*** INPUT DATA Section Begins ***

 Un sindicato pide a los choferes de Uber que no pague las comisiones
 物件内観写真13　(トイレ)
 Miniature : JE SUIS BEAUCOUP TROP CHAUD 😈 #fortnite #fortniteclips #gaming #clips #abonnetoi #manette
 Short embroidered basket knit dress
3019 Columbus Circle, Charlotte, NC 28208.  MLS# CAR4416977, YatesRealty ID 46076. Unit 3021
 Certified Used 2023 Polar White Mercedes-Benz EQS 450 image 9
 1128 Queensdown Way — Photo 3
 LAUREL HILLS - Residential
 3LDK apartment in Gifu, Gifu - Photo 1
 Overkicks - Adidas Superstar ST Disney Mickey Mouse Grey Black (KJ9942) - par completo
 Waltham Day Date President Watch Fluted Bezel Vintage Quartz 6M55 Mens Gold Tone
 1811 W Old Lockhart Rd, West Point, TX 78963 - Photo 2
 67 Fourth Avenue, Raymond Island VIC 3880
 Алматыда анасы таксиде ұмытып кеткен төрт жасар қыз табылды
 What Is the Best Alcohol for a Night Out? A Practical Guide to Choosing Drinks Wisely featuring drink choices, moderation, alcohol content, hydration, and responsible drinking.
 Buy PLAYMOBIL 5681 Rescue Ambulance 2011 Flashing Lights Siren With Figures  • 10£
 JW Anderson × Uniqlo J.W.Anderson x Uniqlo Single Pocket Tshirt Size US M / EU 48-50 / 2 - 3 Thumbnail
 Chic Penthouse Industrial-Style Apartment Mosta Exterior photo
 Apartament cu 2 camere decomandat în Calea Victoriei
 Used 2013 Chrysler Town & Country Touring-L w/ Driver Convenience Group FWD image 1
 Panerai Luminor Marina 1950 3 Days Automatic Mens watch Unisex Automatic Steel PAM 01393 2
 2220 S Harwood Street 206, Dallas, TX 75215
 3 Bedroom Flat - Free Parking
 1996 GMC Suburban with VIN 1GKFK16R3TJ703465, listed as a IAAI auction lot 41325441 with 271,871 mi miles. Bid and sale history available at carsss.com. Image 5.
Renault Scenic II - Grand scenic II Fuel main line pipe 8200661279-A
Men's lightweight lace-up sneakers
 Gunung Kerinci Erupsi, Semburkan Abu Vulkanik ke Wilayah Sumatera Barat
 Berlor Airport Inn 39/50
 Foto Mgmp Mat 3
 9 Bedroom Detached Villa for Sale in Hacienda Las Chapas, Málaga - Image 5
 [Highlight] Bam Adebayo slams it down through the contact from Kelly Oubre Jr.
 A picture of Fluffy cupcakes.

*** INPUT DATA Section Ends ***

_EXERCISE DESCRIPTION:_
Transcribe the records in full, so that each line reads exactly as before.

_EXERCISE OUTPUT:_
 Un sindicato pide a los choferes de Uber que no pague las comisiones
 物件内観写真13　(トイレ)
 Miniature : JE SUIS BEAUCOUP TROP CHAUD 😈 #fortnite #fortniteclips #gaming #clips #abonnetoi #manette
 Short embroidered basket knit dress
3019 Columbus Circle, Charlotte, NC 28208.  MLS# CAR4416977, YatesRealty ID 46076. Unit 3021
 Certified Used 2023 Polar White Mercedes-Benz EQS 450 image 9
 1128 Queensdown Way — Photo 3
 LAUREL HILLS - Residential
 3LDK apartment in Gifu, Gifu - Photo 1
 Overkicks - Adidas Superstar ST Disney Mickey Mouse Grey Black (KJ9942) - par completo
 Waltham Day Date President Watch Fluted Bezel Vintage Quartz 6M55 Mens Gold Tone
 1811 W Old Lockhart Rd, West Point, TX 78963 - Photo 2
 67 Fourth Avenue, Raymond Island VIC 3880
 Алматыда анасы таксиде ұмытып кеткен төрт жасар қыз табылды
 What Is the Best Alcohol for a Night Out? A Practical Guide to Choosing Drinks Wisely featuring drink choices, moderation, alcohol content, hydration, and responsible drinking.
 Buy PLAYMOBIL 5681 Rescue Ambulance 2011 Flashing Lights Siren With Figures  • 10£
 JW Anderson × Uniqlo J.W.Anderson x Uniqlo Single Pocket Tshirt Size US M / EU 48-50 / 2 - 3 Thumbnail
 Chic Penthouse Industrial-Style Apartment Mosta Exterior photo
 Apartament cu 2 camere decomandat în Calea Victoriei
 Used 2013 Chrysler Town & Country Touring-L w/ Driver Convenience Group FWD image 1
 Panerai Luminor Marina 1950 3 Days Automatic Mens watch Unisex Automatic Steel PAM 01393 2
 2220 S Harwood Street 206, Dallas, TX 75215
 3 Bedroom Flat - Free Parking
 1996 GMC Suburban with VIN 1GKFK16R3TJ703465, listed as a IAAI auction lot 41325441 with 271,871 mi miles. Bid and sale history available at carsss.com. Image 5.
Renault Scenic II - Grand scenic II Fuel main line pipe 8200661279-A
Men's lightweight lace-up sneakers
 Gunung Kerinci Erupsi, Semburkan Abu Vulkanik ke Wilayah Sumatera Barat
 Berlor Airport Inn 39/50
 Foto Mgmp Mat 3
 9 Bedroom Detached Villa for Sale in Hacienda Las Chapas, Málaga - Image 5
 [Highlight] Bam Adebayo slams it down through the contact from Kelly Oubre Jr.
 A picture of Fluffy cupcakes.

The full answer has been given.